The State opposed the grant of an exceptional sentence below the
standard range, arguing that Rogers had not established sufficient mitigating
circumstances. It requested the imposition of a low-end standard range
sentence.
The trial court entered written findings that Rogers was significantly
immature because of his age and ADHD, and that he had demonstrated the
capacity for rehabilitation. The trial court concluded that Rogers’ youthfulness
4
No. 80404-9-I/5
and developmental immaturity warranted the imposition of a sentence below the
standard range, and pronounced a sentence of 106 months of incarceration.
The State appeals.
II
The State contends that the sentence imposed by the trial court was too
lenient to be lawful, in that it was not consistent with the goals of the SRA. 3 In
advancing this assertion, the State acknowledges that youth can constitute a
statutory mitigating factor insomuch as it can affect a person’s capacity to
appreciate wrongfulness and ability to conform conduct to the law. The State
concedes that trial courts have discretion to impose exceptional sentences below
the standard range based on youth as a mitigating factor.
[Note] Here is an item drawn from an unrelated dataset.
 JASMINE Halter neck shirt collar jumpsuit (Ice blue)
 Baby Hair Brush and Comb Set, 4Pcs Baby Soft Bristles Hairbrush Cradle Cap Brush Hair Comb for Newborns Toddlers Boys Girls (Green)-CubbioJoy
However, the State
avers, trial courts may only impose an exceptional sentence within the confines
of the SRA’s “departures from the guidelines” provision, RCW 9.94A.535, with
the exception that a court cannot be required to impose on a child a life or de
facto life sentence.
Rogers counters that pursuant to State v. Houston-Sconiers, 188 Wn.2d 1,
391 P.3d 409 (2017), sentencing courts have absolute discretion to sentence
juveniles below the standard range and, therefore, the decision as to the length
of a sentence cannot be reviewed on appeal.
3 The State has made clear that it is not now challenging the trial court’s conclusion that a
sentence below the standard range was warranted. Instead, it is challenging the process by
which the court arrived at its conclusion as to the length of the sentence it imposed, as well as
challenging the length of the sentence itself.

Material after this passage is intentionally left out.